TRY IT:
The pictures stay out; all of the data is to be printed exactly.

GIVEN DATA:
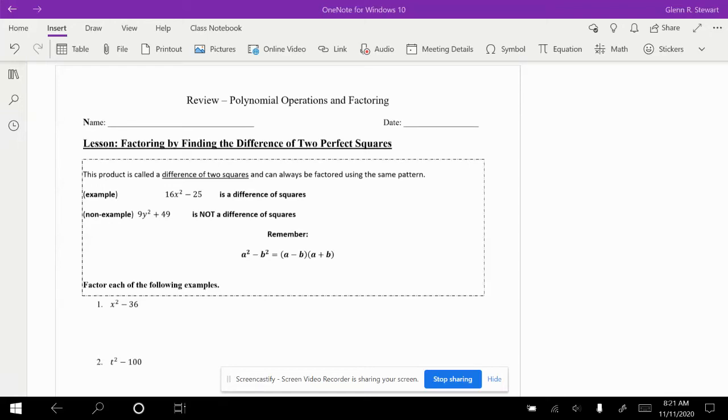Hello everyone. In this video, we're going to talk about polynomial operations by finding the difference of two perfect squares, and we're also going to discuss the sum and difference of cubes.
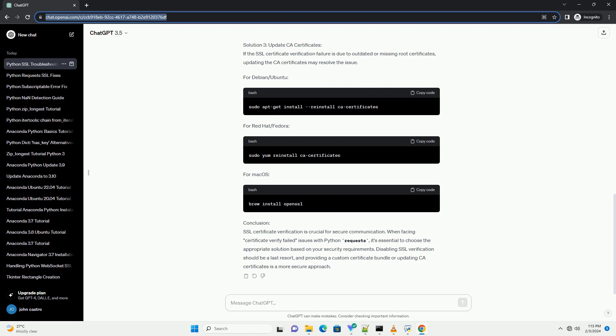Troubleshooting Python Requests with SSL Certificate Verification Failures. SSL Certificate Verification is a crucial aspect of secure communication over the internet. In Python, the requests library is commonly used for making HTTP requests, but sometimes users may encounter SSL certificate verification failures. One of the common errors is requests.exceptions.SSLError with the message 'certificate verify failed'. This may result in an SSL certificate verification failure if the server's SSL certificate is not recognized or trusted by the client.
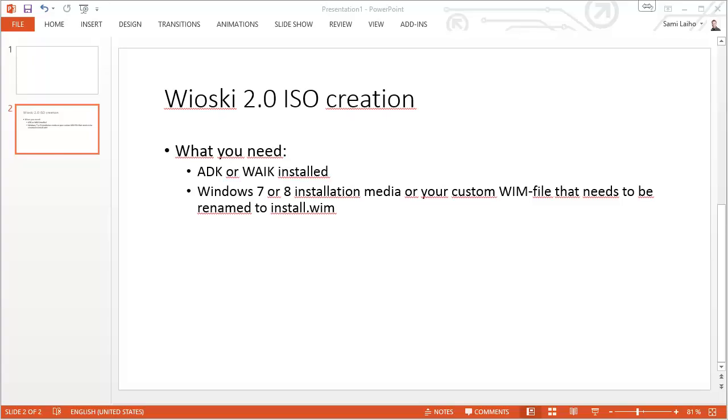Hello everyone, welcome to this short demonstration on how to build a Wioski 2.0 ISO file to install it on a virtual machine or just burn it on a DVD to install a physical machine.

RESPONSE TO THE TASK:
Hello everyone. In this video, we're going to talk about polynomial operations by finding the difference of two perfect squares, and we're also going to discuss the sum and difference of cubes.
Troubleshooting Python Requests with SSL Certificate Verification Failures. SSL Certificate Verification is a crucial aspect of secure communication over the internet. In Python, the requests library is commonly used for making HTTP requests, but sometimes users may encounter SSL certificate verification failures. One of the common errors is requests.exceptions.SSLError with the message 'certificate verify failed'. This may result in an SSL certificate verification failure if the server's SSL certificate is not recognized or trusted by the client.
Hello everyone, welcome to this short demonstration on how to build a Wioski 2.0 ISO file to install it on a virtual machine or just burn it on a DVD to install a physical machine.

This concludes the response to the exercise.